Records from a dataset
--------------------------------

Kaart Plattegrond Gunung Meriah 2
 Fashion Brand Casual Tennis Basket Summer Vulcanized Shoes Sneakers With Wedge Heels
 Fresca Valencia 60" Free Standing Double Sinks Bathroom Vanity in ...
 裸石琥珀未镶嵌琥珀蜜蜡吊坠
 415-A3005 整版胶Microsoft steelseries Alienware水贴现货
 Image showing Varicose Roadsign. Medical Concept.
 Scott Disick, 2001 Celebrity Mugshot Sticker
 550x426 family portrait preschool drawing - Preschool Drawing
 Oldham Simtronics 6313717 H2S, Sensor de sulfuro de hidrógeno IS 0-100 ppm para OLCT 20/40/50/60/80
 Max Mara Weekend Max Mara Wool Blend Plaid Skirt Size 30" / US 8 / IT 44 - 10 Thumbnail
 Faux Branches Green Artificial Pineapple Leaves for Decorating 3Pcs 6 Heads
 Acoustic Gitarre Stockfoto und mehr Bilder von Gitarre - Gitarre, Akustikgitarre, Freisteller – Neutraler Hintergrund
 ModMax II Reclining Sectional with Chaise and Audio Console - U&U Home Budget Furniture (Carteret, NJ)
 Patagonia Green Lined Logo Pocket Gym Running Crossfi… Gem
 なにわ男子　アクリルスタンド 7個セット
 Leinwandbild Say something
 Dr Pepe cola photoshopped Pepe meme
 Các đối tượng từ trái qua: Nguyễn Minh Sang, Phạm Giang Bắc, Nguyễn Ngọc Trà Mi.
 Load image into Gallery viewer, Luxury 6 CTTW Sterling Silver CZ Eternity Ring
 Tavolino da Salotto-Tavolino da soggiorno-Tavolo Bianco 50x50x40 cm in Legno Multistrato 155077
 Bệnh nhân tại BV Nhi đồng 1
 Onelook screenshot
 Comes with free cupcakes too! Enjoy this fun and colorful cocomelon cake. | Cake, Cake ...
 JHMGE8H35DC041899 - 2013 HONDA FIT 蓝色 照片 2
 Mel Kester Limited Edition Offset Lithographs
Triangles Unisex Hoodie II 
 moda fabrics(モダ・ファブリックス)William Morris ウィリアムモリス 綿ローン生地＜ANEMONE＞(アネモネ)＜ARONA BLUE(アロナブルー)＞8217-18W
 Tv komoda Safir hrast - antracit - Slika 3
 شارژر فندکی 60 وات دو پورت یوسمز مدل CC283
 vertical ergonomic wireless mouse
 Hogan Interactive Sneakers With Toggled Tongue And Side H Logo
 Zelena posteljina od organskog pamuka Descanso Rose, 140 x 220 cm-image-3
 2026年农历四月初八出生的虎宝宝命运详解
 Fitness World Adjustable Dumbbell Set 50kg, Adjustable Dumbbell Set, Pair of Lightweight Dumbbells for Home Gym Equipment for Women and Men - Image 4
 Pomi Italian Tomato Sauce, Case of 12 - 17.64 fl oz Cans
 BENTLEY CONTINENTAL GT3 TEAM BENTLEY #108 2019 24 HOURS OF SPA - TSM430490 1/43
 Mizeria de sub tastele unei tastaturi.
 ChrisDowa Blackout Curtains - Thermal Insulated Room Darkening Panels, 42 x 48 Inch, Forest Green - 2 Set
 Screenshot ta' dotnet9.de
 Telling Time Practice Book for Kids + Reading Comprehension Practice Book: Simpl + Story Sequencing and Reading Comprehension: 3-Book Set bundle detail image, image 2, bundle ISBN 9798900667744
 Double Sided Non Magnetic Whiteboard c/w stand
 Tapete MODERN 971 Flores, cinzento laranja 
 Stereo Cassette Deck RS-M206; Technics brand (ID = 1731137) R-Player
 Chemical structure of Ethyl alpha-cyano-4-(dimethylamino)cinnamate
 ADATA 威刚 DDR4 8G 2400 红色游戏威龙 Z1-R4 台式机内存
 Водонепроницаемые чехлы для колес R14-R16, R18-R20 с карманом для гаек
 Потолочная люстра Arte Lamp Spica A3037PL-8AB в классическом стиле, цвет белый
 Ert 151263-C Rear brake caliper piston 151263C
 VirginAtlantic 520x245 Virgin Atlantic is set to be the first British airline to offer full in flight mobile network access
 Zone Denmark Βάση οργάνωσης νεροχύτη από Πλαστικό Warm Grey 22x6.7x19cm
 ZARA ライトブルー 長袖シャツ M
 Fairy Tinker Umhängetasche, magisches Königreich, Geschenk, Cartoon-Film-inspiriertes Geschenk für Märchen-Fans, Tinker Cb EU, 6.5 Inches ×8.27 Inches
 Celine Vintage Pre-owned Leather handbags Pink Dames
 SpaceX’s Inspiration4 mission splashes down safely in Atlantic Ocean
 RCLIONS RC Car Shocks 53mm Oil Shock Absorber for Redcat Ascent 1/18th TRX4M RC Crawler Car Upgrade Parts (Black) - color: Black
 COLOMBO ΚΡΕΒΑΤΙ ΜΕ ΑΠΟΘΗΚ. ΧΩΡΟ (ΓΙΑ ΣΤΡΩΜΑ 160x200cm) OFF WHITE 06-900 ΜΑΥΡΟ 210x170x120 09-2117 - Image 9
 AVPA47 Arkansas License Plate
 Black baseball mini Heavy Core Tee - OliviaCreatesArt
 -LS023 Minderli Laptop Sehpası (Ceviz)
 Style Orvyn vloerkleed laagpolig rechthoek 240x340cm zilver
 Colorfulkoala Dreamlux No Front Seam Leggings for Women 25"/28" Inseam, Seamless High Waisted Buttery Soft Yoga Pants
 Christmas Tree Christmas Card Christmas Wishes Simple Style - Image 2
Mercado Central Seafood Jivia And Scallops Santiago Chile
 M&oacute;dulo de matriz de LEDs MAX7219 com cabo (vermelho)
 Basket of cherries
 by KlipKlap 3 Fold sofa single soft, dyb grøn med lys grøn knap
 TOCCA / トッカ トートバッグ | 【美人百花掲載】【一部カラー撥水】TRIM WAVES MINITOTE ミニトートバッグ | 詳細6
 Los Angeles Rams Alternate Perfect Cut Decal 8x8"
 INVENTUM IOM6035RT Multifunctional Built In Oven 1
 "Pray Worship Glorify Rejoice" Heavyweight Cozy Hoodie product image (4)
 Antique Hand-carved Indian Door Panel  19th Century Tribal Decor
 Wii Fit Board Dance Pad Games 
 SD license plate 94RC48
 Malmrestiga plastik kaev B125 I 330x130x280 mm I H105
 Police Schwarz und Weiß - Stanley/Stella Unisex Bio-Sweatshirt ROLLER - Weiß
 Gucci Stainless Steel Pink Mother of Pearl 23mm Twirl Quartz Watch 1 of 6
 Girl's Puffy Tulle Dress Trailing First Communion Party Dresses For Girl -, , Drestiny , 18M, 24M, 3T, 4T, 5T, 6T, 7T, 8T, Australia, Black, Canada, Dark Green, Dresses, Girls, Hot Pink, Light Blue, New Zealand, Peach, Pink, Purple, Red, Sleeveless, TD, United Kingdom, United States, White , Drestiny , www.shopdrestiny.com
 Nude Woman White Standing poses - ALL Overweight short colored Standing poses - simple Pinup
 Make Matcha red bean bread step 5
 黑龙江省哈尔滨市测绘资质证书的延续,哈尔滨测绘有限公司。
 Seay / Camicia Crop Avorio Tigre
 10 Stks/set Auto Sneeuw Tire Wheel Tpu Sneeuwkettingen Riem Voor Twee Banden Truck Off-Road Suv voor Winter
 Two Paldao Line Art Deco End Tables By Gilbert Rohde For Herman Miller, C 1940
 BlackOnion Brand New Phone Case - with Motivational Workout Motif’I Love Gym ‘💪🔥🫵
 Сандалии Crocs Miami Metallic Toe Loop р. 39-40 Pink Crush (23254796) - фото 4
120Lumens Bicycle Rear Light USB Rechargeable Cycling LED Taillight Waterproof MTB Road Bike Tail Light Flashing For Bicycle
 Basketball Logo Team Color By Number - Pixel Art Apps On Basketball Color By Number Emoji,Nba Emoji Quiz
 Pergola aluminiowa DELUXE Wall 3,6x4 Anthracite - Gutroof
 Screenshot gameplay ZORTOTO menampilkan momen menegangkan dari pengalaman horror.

--------------------------------

Only the lines above starting at the line that holds "Mercado Central Seafood" and ending at the line that holds "120Lumens Bicycle Rear" are to be repeated, exactly and in full.

Mercado Central Seafood Jivia And Scallops Santiago Chile
 M&oacute;dulo de matriz de LEDs MAX7219 com cabo (vermelho)
 Basket of cherries
 by KlipKlap 3 Fold sofa single soft, dyb grøn med lys grøn knap
 TOCCA / トッカ トートバッグ | 【美人百花掲載】【一部カラー撥水】TRIM WAVES MINITOTE ミニトートバッグ | 詳細6
 Los Angeles Rams Alternate Perfect Cut Decal 8x8"
 INVENTUM IOM6035RT Multifunctional Built In Oven 1
 "Pray Worship Glorify Rejoice" Heavyweight Cozy Hoodie product image (4)
 Antique Hand-carved Indian Door Panel  19th Century Tribal Decor
 Wii Fit Board Dance Pad Games 
 SD license plate 94RC48
 Malmrestiga plastik kaev B125 I 330x130x280 mm I H105
 Police Schwarz und Weiß - Stanley/Stella Unisex Bio-Sweatshirt ROLLER - Weiß
 Gucci Stainless Steel Pink Mother of Pearl 23mm Twirl Quartz Watch 1 of 6
 Girl's Puffy Tulle Dress Trailing First Communion Party Dresses For Girl -, , Drestiny , 18M, 24M, 3T, 4T, 5T, 6T, 7T, 8T, Australia, Black, Canada, Dark Green, Dresses, Girls, Hot Pink, Light Blue, New Zealand, Peach, Pink, Purple, Red, Sleeveless, TD, United Kingdom, United States, White , Drestiny , www.shopdrestiny.com
 Nude Woman White Standing poses - ALL Overweight short colored Standing poses - simple Pinup
 Make Matcha red bean bread step 5
 黑龙江省哈尔滨市测绘资质证书的延续,哈尔滨测绘有限公司。
 Seay / Camicia Crop Avorio Tigre
 10 Stks/set Auto Sneeuw Tire Wheel Tpu Sneeuwkettingen Riem Voor Twee Banden Truck Off-Road Suv voor Winter
 Two Paldao Line Art Deco End Tables By Gilbert Rohde For Herman Miller, C 1940
 BlackOnion Brand New Phone Case - with Motivational Workout Motif’I Love Gym ‘💪🔥🫵
 Сандалии Crocs Miami Metallic Toe Loop р. 39-40 Pink Crush (23254796) - фото 4
120Lumens Bicycle Rear Light USB Rechargeable Cycling LED Taillight Waterproof MTB Road Bike Tail Light Flashing For Bicycle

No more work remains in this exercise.